You may, as Andrew Hope, a father in Nanaimo, B.C., did last March, sleep in your truck for two nights in the school parking lot, to win a kindergarten spot for your daughter in the local high-performing French immersion school. Or bring a lawn chair and radio to survive the hours-long lineup, as Lorraine Baldwin, a mom in Willoughby, B.C., did for each of her two daughters (the second time, it wasn’t only for the innovative neighbourhood school – she had her eye on a certain teacher and wanted morning classes).

Alternatively, with a well-crafted transfer-request, you may want to stress your son’s long-standing interest in learning German, a course taught only at the better high school a catchment area away – that’s what David Langner, an Ottawa father, did, while still lining up at the school, letter in hand, as a precaution.

After all, in a society of ever-expanding choice, why shouldn’t parents get to customize the academic path of their children, the same way they choose life-enriching extracurricular activities?

Parents make a reasonable argument: When families “vote with their feet,” it creates an incentive for a public system to innovate or fix problem schools.

Even cash-strapped boards are offering more specialized school programs, charter schools and generally loosening cross-boundary transfers – keen to retain the best students and appease their vocal, well-organized parents. It’s a trend that’s happening across the Western world. But growing research – including a new report this month from the Organization for Economic Co-operation and Development – has also uncovered a worrying side effect: growing social inequality and segregation in public schools.

That shouldn’t be a surprise: The parents with the savvy to write letters, the time to line up and the resources to drive across town to get their kids to the better schools are usually not the ones working two jobs and split shifts, just trying to get by.

The impulse is understandable. Research shows that good students help the performance of struggling peers, but if that school is in a rough neighbourhood, if it has low ranking and an out-of-date science lab, a bad (if undeserved) reputation for drugs and gangs, who can fault a parent for seeking a better option?
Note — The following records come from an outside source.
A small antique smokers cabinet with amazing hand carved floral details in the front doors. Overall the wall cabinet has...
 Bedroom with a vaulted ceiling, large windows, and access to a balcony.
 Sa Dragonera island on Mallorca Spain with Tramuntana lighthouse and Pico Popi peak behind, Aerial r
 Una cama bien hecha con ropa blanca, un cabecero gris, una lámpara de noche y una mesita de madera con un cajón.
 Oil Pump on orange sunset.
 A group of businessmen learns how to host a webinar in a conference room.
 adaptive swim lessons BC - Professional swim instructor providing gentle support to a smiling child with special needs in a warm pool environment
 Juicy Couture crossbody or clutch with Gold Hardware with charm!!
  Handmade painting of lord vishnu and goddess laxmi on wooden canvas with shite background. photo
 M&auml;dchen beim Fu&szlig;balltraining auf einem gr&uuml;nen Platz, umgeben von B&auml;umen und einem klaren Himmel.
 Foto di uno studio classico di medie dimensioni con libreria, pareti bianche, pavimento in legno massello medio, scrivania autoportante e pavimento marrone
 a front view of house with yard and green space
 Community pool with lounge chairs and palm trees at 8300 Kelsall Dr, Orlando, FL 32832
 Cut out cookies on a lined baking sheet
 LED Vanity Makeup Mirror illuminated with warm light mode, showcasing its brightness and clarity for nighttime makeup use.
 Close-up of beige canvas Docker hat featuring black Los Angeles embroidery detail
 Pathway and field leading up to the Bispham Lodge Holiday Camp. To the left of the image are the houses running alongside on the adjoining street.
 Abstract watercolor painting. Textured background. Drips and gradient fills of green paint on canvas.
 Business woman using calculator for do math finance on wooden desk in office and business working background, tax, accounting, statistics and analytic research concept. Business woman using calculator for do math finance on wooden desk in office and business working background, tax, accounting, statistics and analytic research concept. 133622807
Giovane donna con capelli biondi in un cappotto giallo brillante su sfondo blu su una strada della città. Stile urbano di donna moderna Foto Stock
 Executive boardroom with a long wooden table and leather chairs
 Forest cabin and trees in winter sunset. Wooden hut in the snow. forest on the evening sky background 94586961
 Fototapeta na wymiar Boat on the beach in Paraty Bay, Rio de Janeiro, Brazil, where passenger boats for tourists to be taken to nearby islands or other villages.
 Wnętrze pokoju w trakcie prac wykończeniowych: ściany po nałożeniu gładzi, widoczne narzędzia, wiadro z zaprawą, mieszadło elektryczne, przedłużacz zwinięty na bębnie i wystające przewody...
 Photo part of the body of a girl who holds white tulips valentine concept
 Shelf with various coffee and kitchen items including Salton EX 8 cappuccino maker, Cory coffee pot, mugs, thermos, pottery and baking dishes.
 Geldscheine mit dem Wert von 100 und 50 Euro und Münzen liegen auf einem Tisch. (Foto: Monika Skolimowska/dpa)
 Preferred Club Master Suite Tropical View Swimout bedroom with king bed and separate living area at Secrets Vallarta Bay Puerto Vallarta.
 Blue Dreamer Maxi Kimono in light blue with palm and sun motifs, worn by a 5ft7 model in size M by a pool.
As Mr. Langner says, having spared his two sons entry into just such a worrisome high school, “I want the best for my kids. I am uncomfortable with them being treated like a social experiment. The school isn’t managing the problems and the best the board could do was take away choice – that’s what I really bristled at.”

And while social integration is a worthy goal in principle, Nanaimo father Andrew Hope says, “If you have a certain school that’s going the extra mile, I would do whatever I can do to get my daughter there.”

On the other hand, Canada already boasts top-ranked international test scores and a smaller gap between poor and richer students than most other countries. Advantaged students benefit most from open competition in public education: Choice helps only those students whose parents are able to exercise it.

Countries such as Australia and Britain, with a high level of choice, are now struggling to improve test scores in classrooms vacated by wealthier and more educated families, who then crow over their self-selected high-performing schools. (Though it’s hard to imagine a school not succeeding with a homogeneous population of enriched students and educated, homework-policing parents.)

And while specialized programs, such as schools focused on arts and science, are appealing, University of Calgary education professor Darren Lund, who studies social-justice issues in schools, points out that they drain the system of funds that might be used to bring innovation and a good music program to all students, especially in early grades when students haven’t self-identified interests. Aside from overcrowding some schools and emptying others, making choice equitable also costs money: How does the system ensure a low-income student has the bus fare to cross town to their desired school?